Question

Let \( \vec{a} \) and \( \vec{b} \) be two co-initial vectors forming adjacent sides of a parallelogram such that:
\[ |\vec{a}| = 10, \quad |\vec{b}| = 2, \quad \vec{a} \cdot \vec{b} = 12 \] Find the area of the parallelogram.

Answer 1

The area of a parallelogram formed by vectors \( \vec{a} \) and \( \vec{b} \) is given by: \[ \text{Area} = |\vec{a} \times \vec{b}| = |\vec{a}||\vec{b}|\sin\theta \] We are given: \[ |\vec{a}| = 10, \quad |\vec{b}| = 2, \quad \vec{a} \cdot \vec{b} = 12 \] Recall that: \[ \vec{a} \cdot \vec{b} = |\vec{a}||\vec{b}|\cos\theta \Rightarrow 12 = 10 \cdot 2 \cdot \cos\theta = 20 \cos\theta \Rightarrow \cos\theta = \frac{12}{20} = \frac{3}{5} \] Now, compute \( \sin\theta \) using the identity: \[ \sin^2\theta = 1 - \cos^2\theta = 1 - \left(\frac{3}{5}\right)^2 = 1 - \frac{9}{25} = \frac{16}{25} \Rightarrow \sin\theta = \frac{4}{5} \] Now compute the area: \[ \text{Area} = 10 \cdot 2 \cdot \frac{4}{5} = 20 \cdot \frac{4}{5} = \boxed{16} \]

Final Answer:

\[ \boxed{16 \text{ square units}} \]

Answer 2

Given: \( |\vec a| = 10,\; |\vec b| = 2,\; \vec a \cdot \vec b = 12 \).

Method 1 (using angle):
\[ \vec a \cdot \vec b = |\vec a||\vec b|\cos\theta \;\Rightarrow\; \cos\theta = \frac{12}{10\cdot 2} = \frac{3}{5}. \] \[ \sin\theta = \sqrt{1-\cos^2\theta} = \sqrt{1-\frac{9}{25}} = \frac{4}{5}. \] Area of parallelogram \(= |\vec a||\vec b|\sin\theta = 10\cdot 2 \cdot \frac{4}{5} = 16. \]

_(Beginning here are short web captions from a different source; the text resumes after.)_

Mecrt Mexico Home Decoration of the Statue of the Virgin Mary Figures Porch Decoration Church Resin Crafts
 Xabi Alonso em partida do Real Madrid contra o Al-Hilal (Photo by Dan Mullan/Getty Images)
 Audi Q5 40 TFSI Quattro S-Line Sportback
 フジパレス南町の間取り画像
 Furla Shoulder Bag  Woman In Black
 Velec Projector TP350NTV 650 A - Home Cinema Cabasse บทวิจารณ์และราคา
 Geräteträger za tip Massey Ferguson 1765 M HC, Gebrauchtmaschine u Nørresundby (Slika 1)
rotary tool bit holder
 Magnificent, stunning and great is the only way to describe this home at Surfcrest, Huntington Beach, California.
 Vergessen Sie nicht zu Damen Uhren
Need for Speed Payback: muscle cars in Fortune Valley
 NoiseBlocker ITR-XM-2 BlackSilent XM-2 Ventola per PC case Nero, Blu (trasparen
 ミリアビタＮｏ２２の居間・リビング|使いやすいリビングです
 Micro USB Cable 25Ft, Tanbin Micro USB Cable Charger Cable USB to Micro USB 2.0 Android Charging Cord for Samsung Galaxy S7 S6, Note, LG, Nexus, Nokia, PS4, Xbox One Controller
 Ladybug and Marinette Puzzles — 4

Method 2 (direct vector formula):
\[ |\vec a \times \vec b|^2 = |\vec a|^2|\vec b|^2 - (\vec a\cdot\vec b)^2 = (10^2)(2^2) - 12^2 = 400 - 144 = 256. \] \[ |\vec a \times \vec b| = \sqrt{256} = 16. \]

Area of the parallelogram: \( \boxed{16} \) (square units).